PR     And the owner of the lumber yard suspected you were Jewish but looked the other way.

AL     He definitely did. As we had false papers. My parents never changed their name. The last name was Skoreki. Which was a very Polish name. Yet the name was known in lumber business. My father's family was known for lumber, and somebody evidentially questioned him. Why do you have this man Skoreki? He did. He looked the other way. Not till after the war did my father know that this man knew.

PR     So many miracles.

AL     Unexplainable. Makes you think why us? Why not somebody else? You just can't explain some of these things.

PR     Anne, your parents saved you but in a sense you and Lila saved them, because you gave them a reason to continue struggling.

AL     I think that's true. I never thought of it like that. But they had a reason through all this horrible things time they went. All the decisions. They were just one step ahead of us getting caught. It's true. They had an incentive. They had a reason to go on. Not give up.

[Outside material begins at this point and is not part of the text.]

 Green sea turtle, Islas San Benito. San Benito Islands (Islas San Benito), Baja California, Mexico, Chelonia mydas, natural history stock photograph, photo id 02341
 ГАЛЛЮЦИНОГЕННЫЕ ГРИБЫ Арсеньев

PR     It was easier to die than to live.

AL     It was. It was.

PR     So finally the war comes to an end. The Soviet Army arrives. The Germans flee to the west. And your mother goes to register after the war.

AL     Well, she went back to Lodz to see. First of all to register but when registered people would come in and see who survived, put your name on list and people everyday come by and check the list. When she went to register, she said, I had a husband and two children. They looked at her like she was made. The Germans killed million half children. There were no children. My sister and me oddity. She actually had to bring us to office and prove that we were her children. Can imagine what felt like? They survived. They could be free and admit. And people didn't believe.

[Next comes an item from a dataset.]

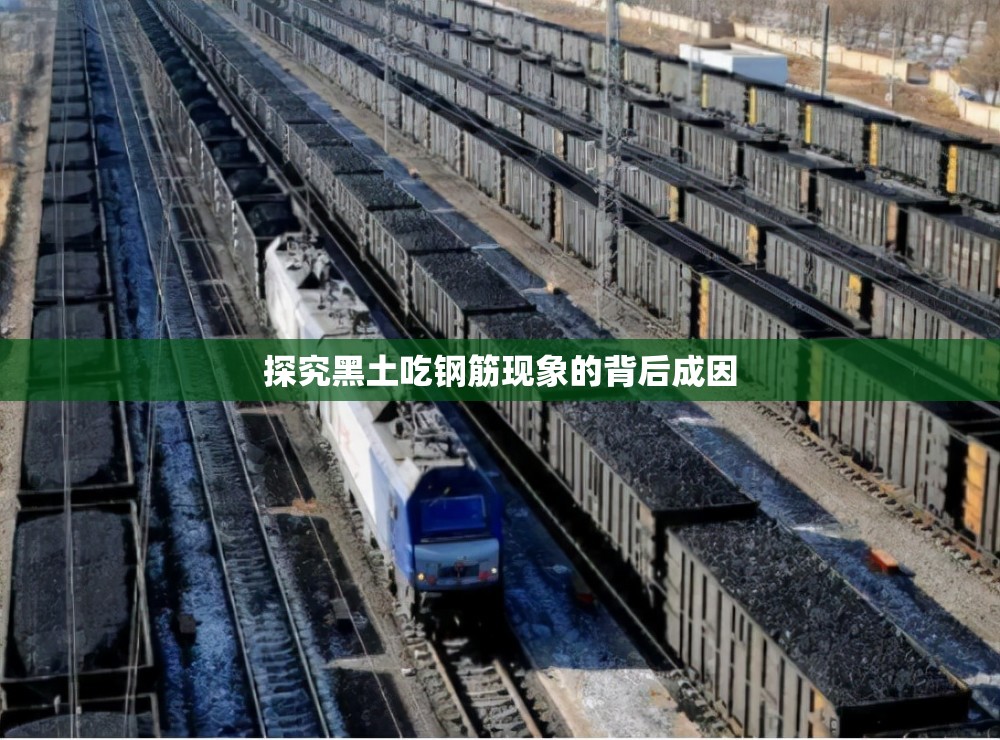 探究黑土吃钢筋现象的背后成因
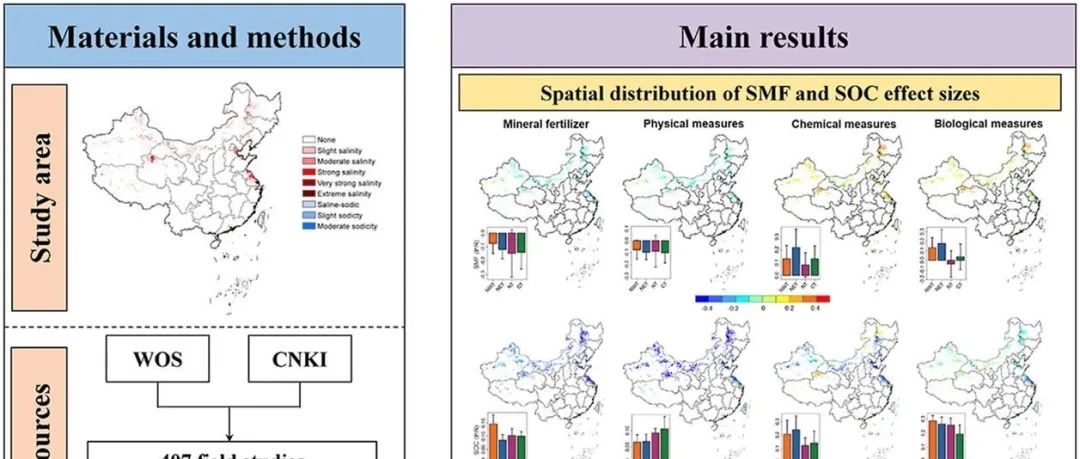 盐碱地改良|Journal of Cleaner Production|中国盐碱地土壤多功能性与碳汇定位优化修复措施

PR     After the war you lived a number of years in a German village, ironically, and then in 1949 you come to New Orleans. In Poland you had been persecuted because of religion, and in New Orleans you could ride in the front of the bus because of your white skin.

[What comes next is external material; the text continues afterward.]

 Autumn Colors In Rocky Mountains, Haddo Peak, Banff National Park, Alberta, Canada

AL     I never thought of myself as a superior class and yet Here I was, we call ourselves New Americans, I worked at this time and I was riding buses back and forth and the little plaque that said colored only, people would get on the bus much older and I was brought up to give elders your seat. You're the young one. Someone older comes in, and you're supposed to be polite. I couldn't do it. It was impossibly hard. I could sit anywhere. To move it was very hard to move that sign so I could sit in that seat. Because as long as that sign was there, no matter how many empty seats behind me, the blacks could not sit there.

PR     You had developed a sensitivity to people that those born here perhaps did not have. I wonder, coming from a world that was destroyed, what message you have for people here in this world which often seems to be on the verge racial destruction?

AL     It really hurts, and my only contribution is, knowing what it feels like to be persecuted for being Jewish, the same thing goes for black, to teach the younger people, to teach in schools, what tolerance is all about. You have to embrace, and be willing to listen to the other side. I mean, we're all the same. And it's a matter of teaching the younger people to be tolerant. Just because you believe in a different God, just because your skin is black or white, if we could ever, ever come to the point that we would judge a person who they are, rather than look, or what God they believe in.